Pero no era ésa la sola razón. Con aquel gesto, Alan García también pagaba favores recibidos por él y su partido de aquel régimen que, además de haber sido puesto en cuarentena por la comunidad de países civilizados, representaba una supervivencia de la forma más despótica de megalomanía estalinista. Durante la campaña presidencial de 1985, los medios de comunicación en el Perú habían señalado con extrañeza los continuos viajes de dirigentes apristas y del propio Alan García a Pyongyang, donde, por ejemplo, el diputado Carlos Roca acostumbraba fotografiarse con los dirigentes norcoreanos ataviado con el uniforme proletario. Que el gobierno de Kim il Sung había dado ayuda financiera a la campaña de Alan García era algo que se daba por hecho, e, incluso, había habido una truculenta denuncia en la que un fotógrafo de la revista Oiga [24] sorprendió una reunión clandestina de dirigentes apristas y la delegación oficiosa de Corea del Norte en el Perú, en la que, supuestamente, se había hecho una de estas entregas de dinero ¡en una caja de zapatos!

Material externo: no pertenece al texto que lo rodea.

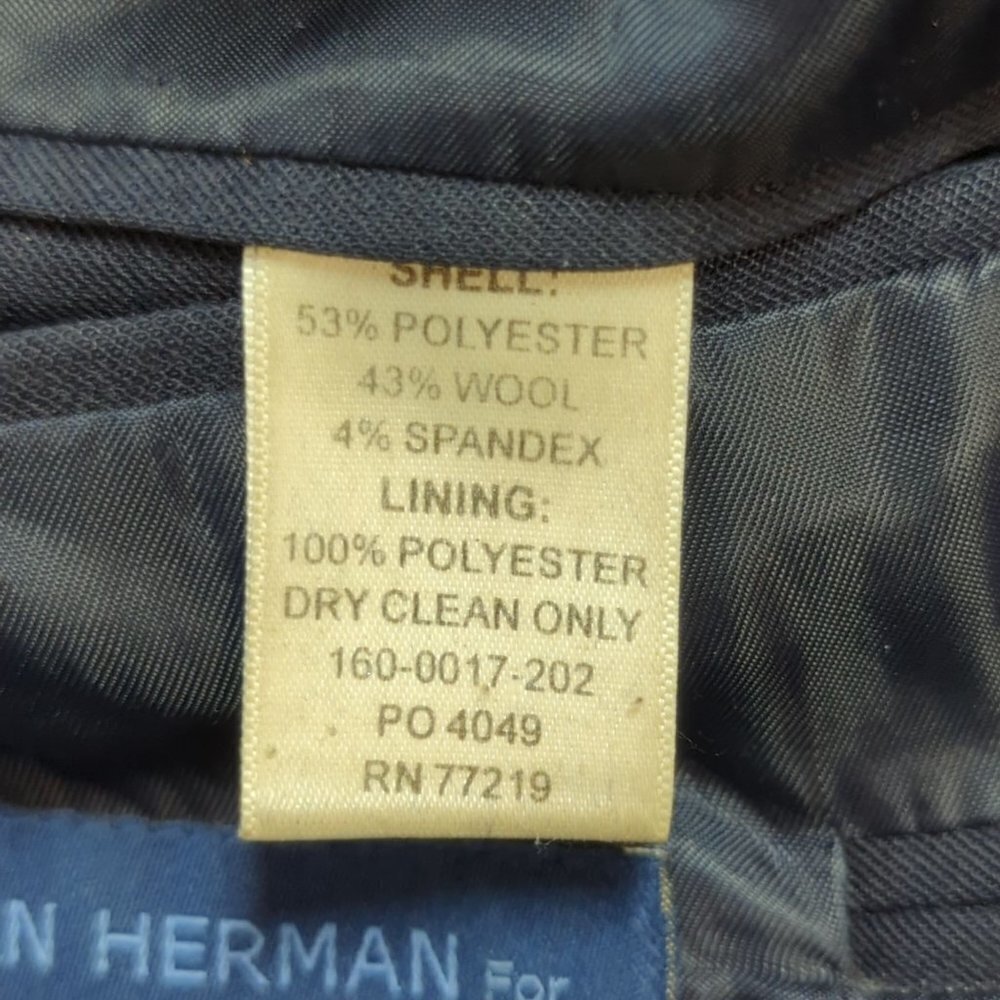 US Airways Navy Blue Women's Suit, Poly Wool Blend, Size 4 - Picture 6 of 16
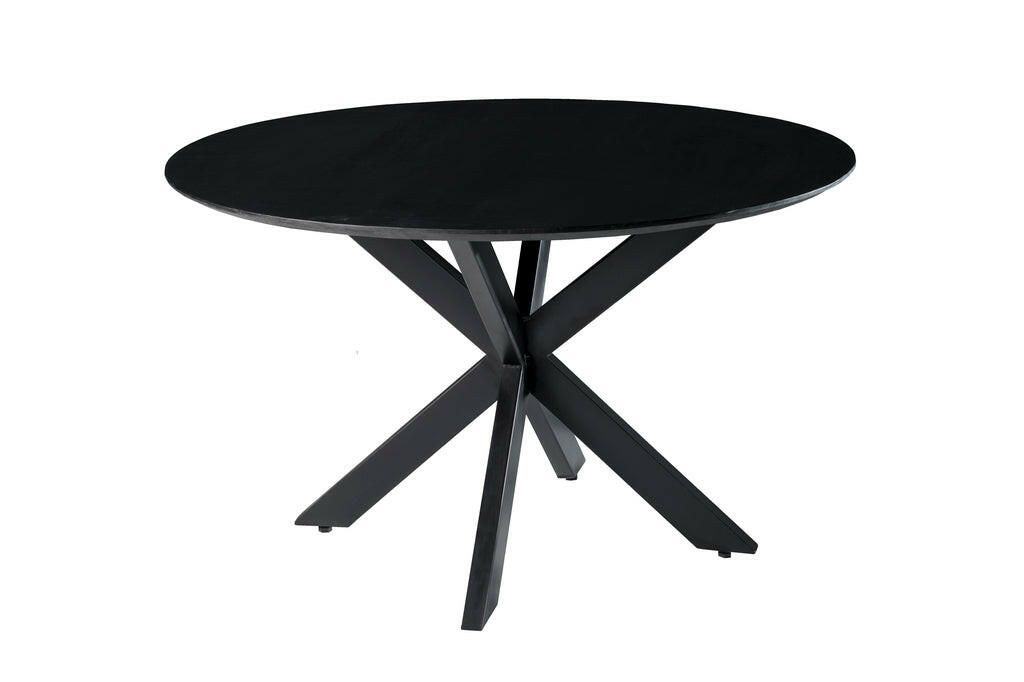Oslo Black Round 130 Cm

Durante el gobierno de Alan García los contactos continuaron, de manera más inquietante. Hubo una extraña compra por el ministerio del Interior de metralletas y fusiles norcoreanos para renovar el armamento de la Policía y de la Guardia Civil. Sin embargo, sólo una parte de aquel armamento llegó efectivamente a aquellas fuerzas, y sobre el destino del resto -diez mil piezas, al parecer- corrían múltiples denuncias. Era otro asunto sobre el que el gobierno nunca había dado una explicación convincente. La inquietud por el armamento norcoreano importado no era sólo de la prensa. También, de las Fuerzas Armadas. Los oficiales de la Marina y del Ejército con los que conversé -en citas rocambolescas, en las que había que cambiar de vehículo y de lugar varias veces- se habían referido, todos, a este tema. ¿Qué era de aquellos fusiles? Según los más alarmistas, habían ido a parar a manos de las fuerzas de choque del partido aprista y a sus comandos paramilitares, en tanto que, según otros, habían sido revendidos a narcotraficantes, terroristas o en el mercado internacional, en beneficio del puñado de jerarcas más allegados al presidente.